In Which Sanchezi Goes On An Excursion (or Herding Cats)

When I was young (13ish), I was dumbfounded to realize that one of my closest friends had not ever been to the beach. It was a weird thing to me because my parents took us to the beach every summer. Living in Charlotte, NC, it was only three hours away. That was my introduction to the concept that not everyone has the same resources and therefore could not afford to do and see all the things someone else does regularly and perhaps takes for granted.

One of the most endearing things that Georgian schools do, in my opinion, is the excursion. This is a trip, usually at the end of the year, that the whole class takes to another city or historical site. What I love about this trip is that it is a bonding experience for the kids. Nothing bonds like shared journeys. The other thing I love about it is, it is an opportunity for kids who would otherwise not be able to see their beautiful and historic country. I meet kid after kid who has not been to the capital or other major cities in Georgia. For the excursion, they pool their resources for food and travel expenses and go. They rarely stay overnight, unless special accommodations can be provided.

I was not invited on any excursions last year, unfortunately, but this year I have been invited on several. The first was this past weekend with Natia’s, my host mother’s, 1st grade class. They are the bigger of the two first grade classes I have.

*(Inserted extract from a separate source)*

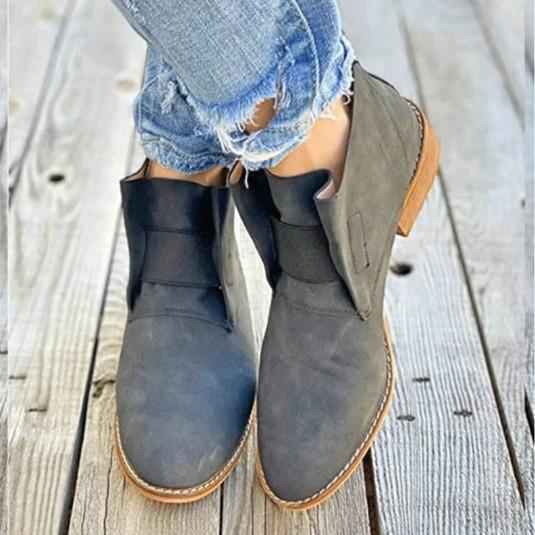 low heel chunky boots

We assembled in front of the school Sunday morning. The class was so big that we had to take two marshrutkas. And on top of that, to save costs, the kids had to sit on the laps of the parents. We were packed in like rats. When I walked up with Natia that morning, one of the marshrutkas was already there. And it was overrun with the boys of the class. First grade Georgian boys… wow. They are a toxic mix of energy and physical aggression. Thankfully they are too little to hurt others or themselves, or they would be serial killers or sociopaths. The bus was literally rocking with their enthusiasm. The girls, equally excited were standing outside being harnessed by their mothers. Don’t be fooled by the gender difference. I saw a first grade girl run up behind another unsuspecting girl and perform a flying double elbow to the head. The assaulted girl crashed to the ground stunned at the sheer violence that was enacted upon her, then obviously started crying. The assaulting girl stood above her and smiled triumphantly. I saw it with my own eyes.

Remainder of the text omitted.